I never can quite figure out what to do with those uncomfortable thoughts when they hit me, the pangs of sadness, the twinges of guilt. They're there. They're part of me. I know they're important, but I don't want them to control me. So, I wring myself out with yoga. I sing at the top of my voice to music, and dance in the kitchen. I shatter my body with workouts, because somehow making my body stronger might just make me stronger, too. I eat too much chocolate. And compensate with green tea. I feel close to something, close to healing, close to seeing my daughter go to school (after all). Close to moving beyond this. Swallowing the fear, the anger, the uncertainty ... for at least another 6 months or so.
Close to acceptance.
The longer I go without recurrence, the better my chances of survival. The better my chances of watching my daughter graduate and my own hair turn gray. Of traveling Africa, India and Central America. Of writing this book. Trying that pre-digested coffee that's supposed to be so amazing.

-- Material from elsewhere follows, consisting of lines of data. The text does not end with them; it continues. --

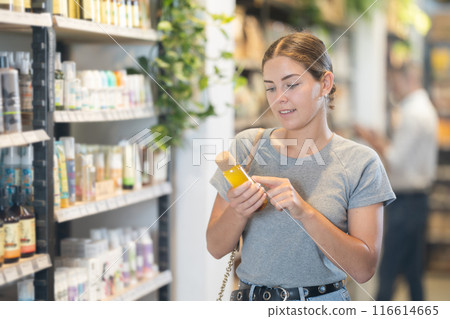 Positive young girl purchaser choosing cosmetic product in large supermarket 116614665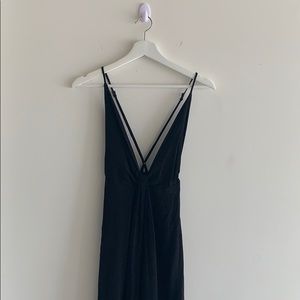 Long black jumpsuit with low back and deep v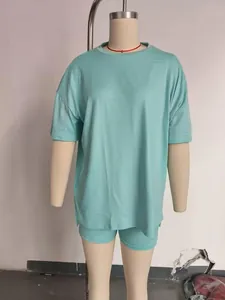 Minimalist women's casual loose solid color pajama set with T-shirt and matching shorts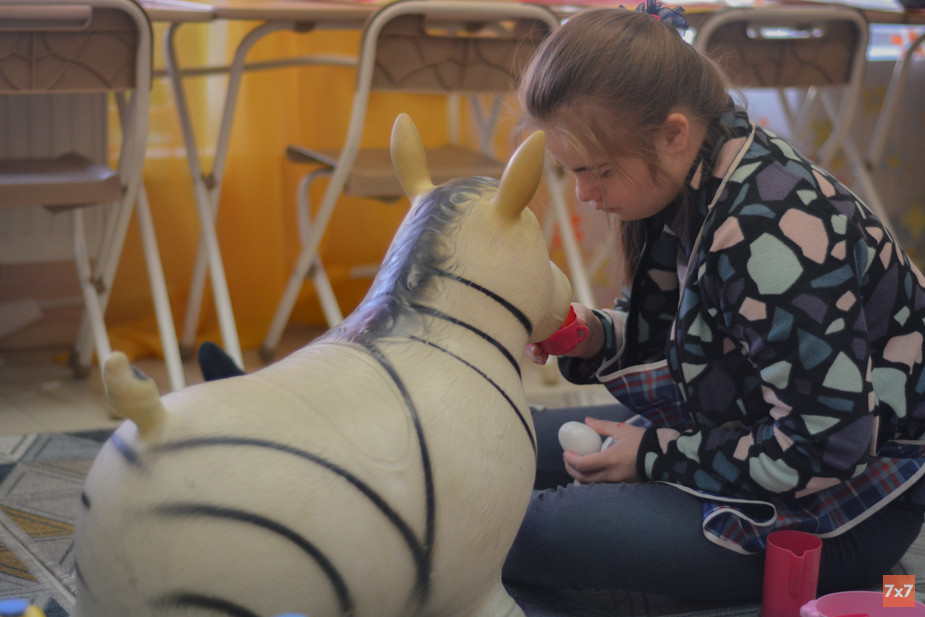 Даша играет с резиновой зеброй в перерыве между занятиями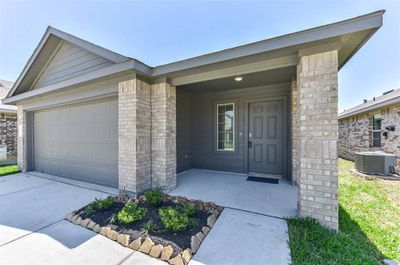 The exterior of the home combines brickwork with siding, offering a contemporary look. | Image 2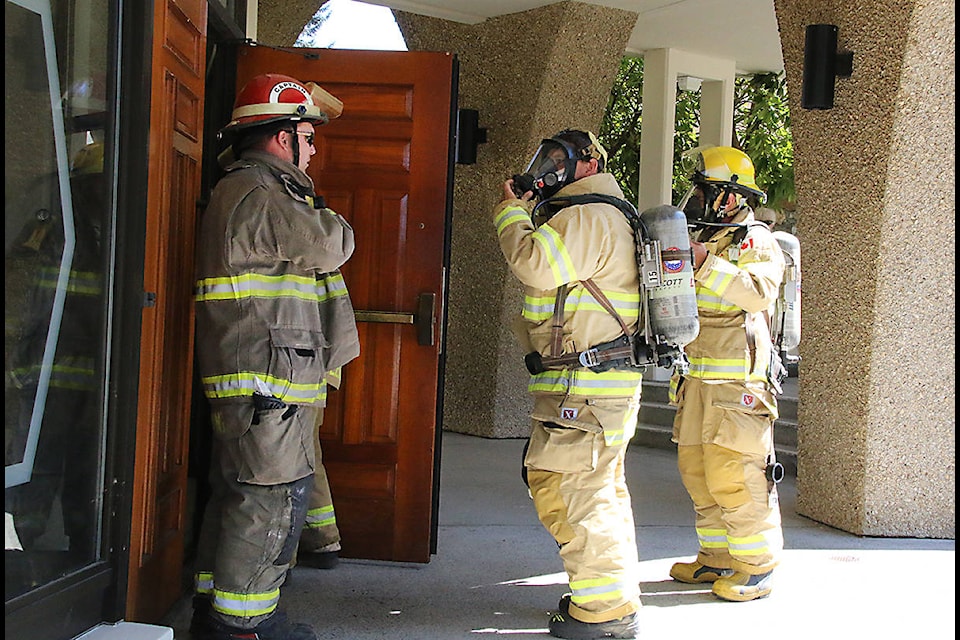 Firefighters wearing Scott air packs enter the Round Building in Duncan after a call-out about smoke through the structure. (Lexi Bainas/Citizen)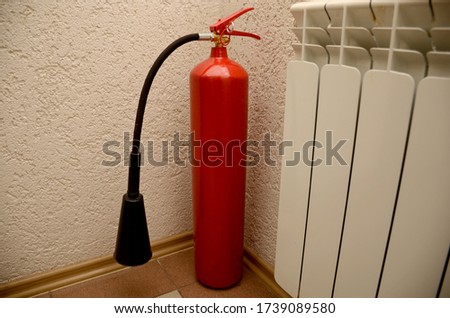 Red fire extinguisher in the office for safety during a fire. Safety concept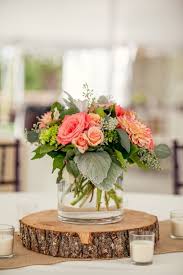 And to get started on my wood slice journey, i just took a few and stacked them up to make a centerpiece in the family room. Rustic Wood Slab Centerpieces Into Your Wedding Amazing Wedding Centerpieces Rustic Wedding Centerpieces Wedding Centerpieces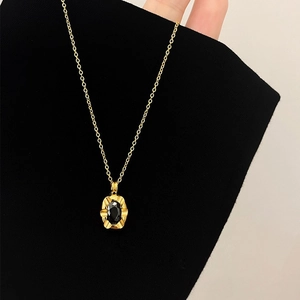 Vintage gold necklace with oval black gemstone pendant on a dark textile background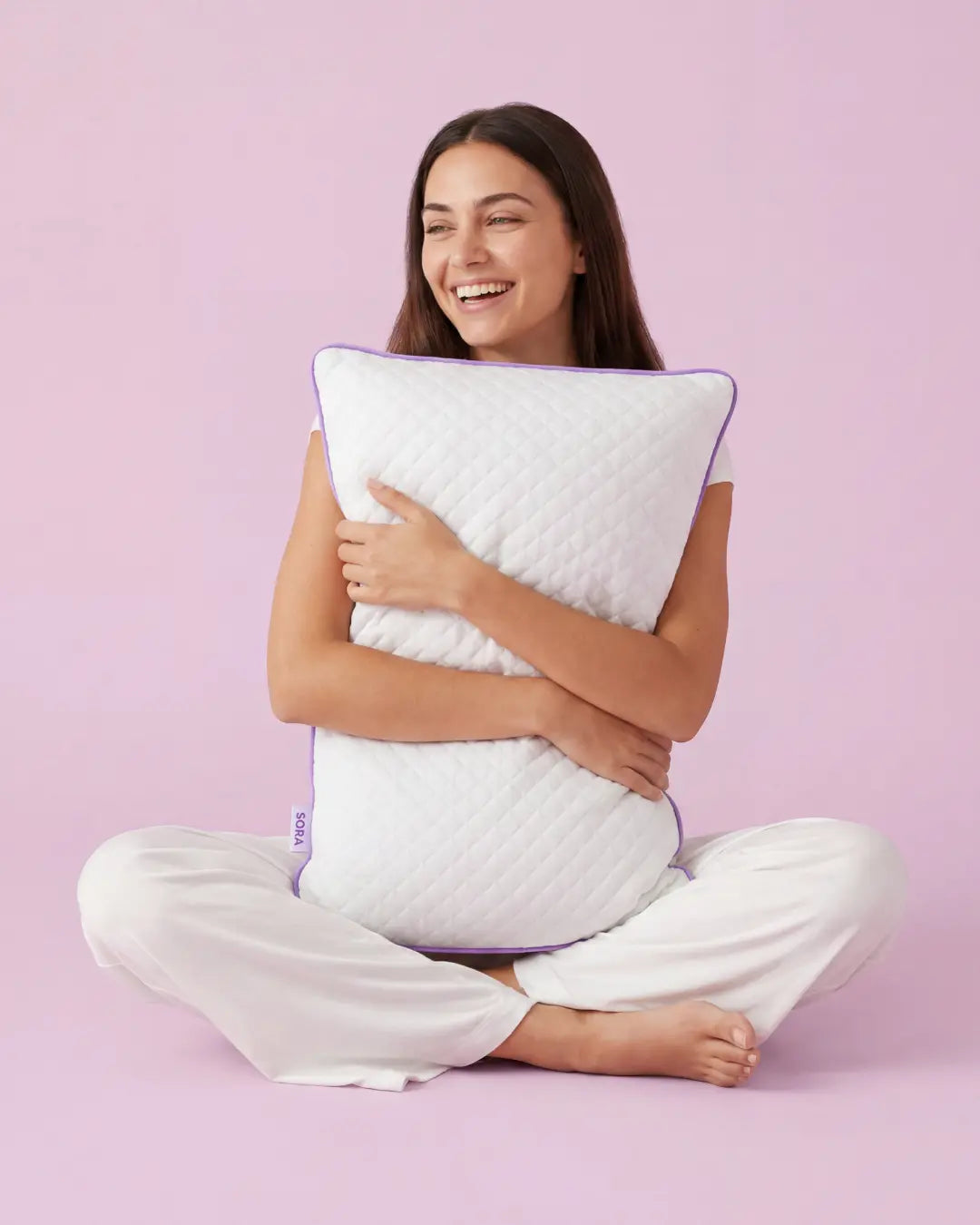 Woman hugging SORA Adjust ergonomic pillow on lavender background — lifestyle image for social media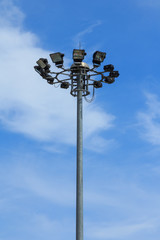 Stadium light pole on blue sky background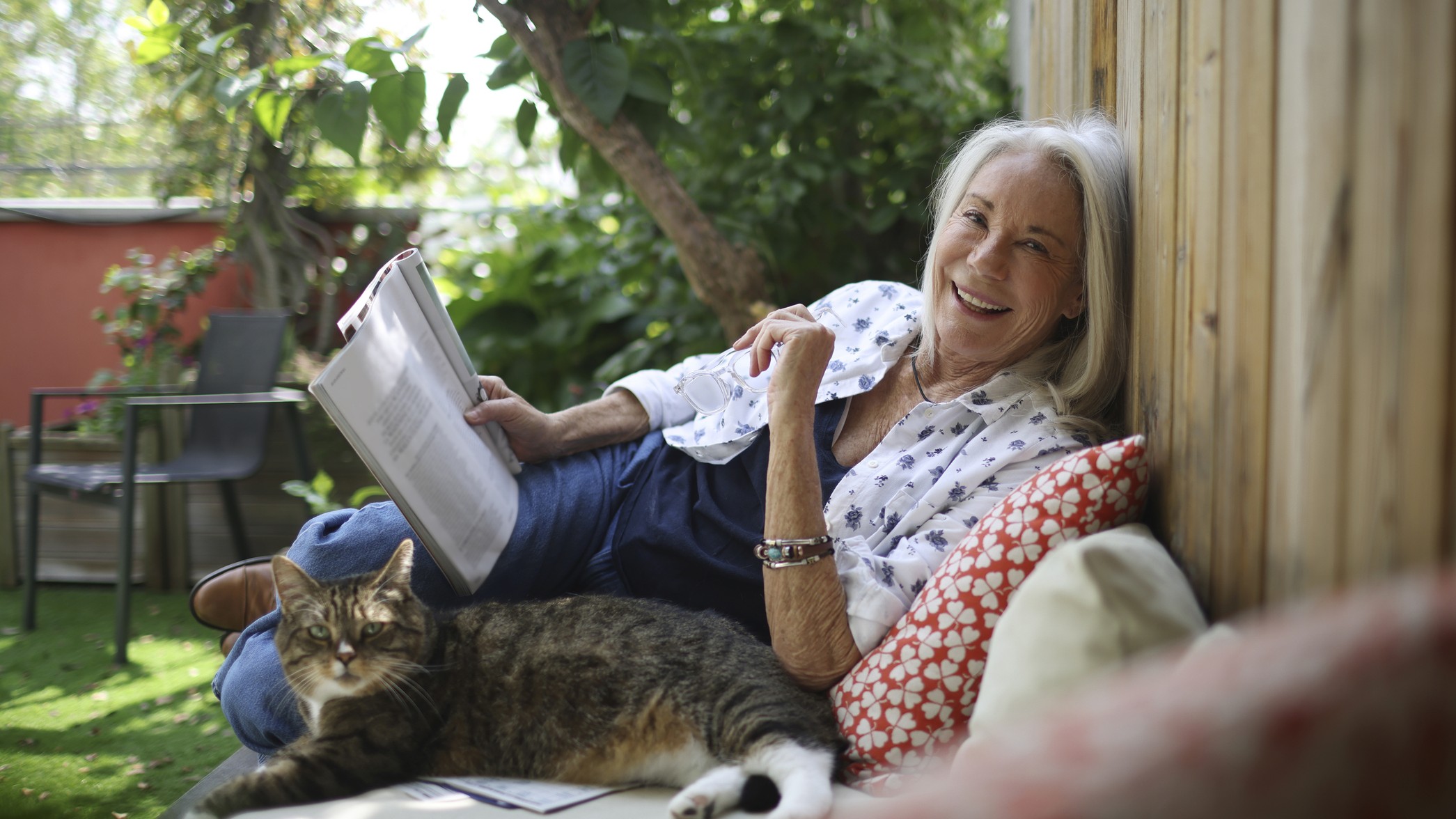 A woman with grey hair reads a packet outside with a cat, smiling.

So, I guess I should be celebrating this milestone. This four years.
Or maybe I'll just climb into bed with my baby girl and hold her tight.
With all my heart, Happy Mother's Day,
Fig and Apple Oatmeal with Chia and Flax
This recipe was a huge hit with the family - probably because it's a little sweeter than my usual. I shred the apple directly into the oats, rather than boiling it separately. It's so much easier that way! If you can't get fresh figs you could probably substitute soaked, dried figs instead.
1 1/2 cup rolled oats
1 1/2 cup water
1 1/2 cup milk
3 fresh figs, chopped
1 unpeeled apple, coarsely shredded
1 Tbs rapadura sugar
1 Tbs each ground chia seeds and ground flaxseeds
pinch of sea salt
maple syrup and milk, to serve
*Try to use organic ingredients when you can
1. Bring the oats, water, milk, figs, apple and sugar to the boil in a heavy saucepan - then reduce the heat to a simmer. Stir regularly, until the oats are cooked - about 10-15 minutes.
2. Then, remove from heat. Stir in the ground chia and flaxseeds.
3. Spoon into bowls and serve with a splash of cold milk and a drizzle of maple syrup. Plus a cup of hot, black coffee to counterbalance the sweetness.
Definitely less than $5 to do this organic, but how much less will depend largely on the cost of the figs.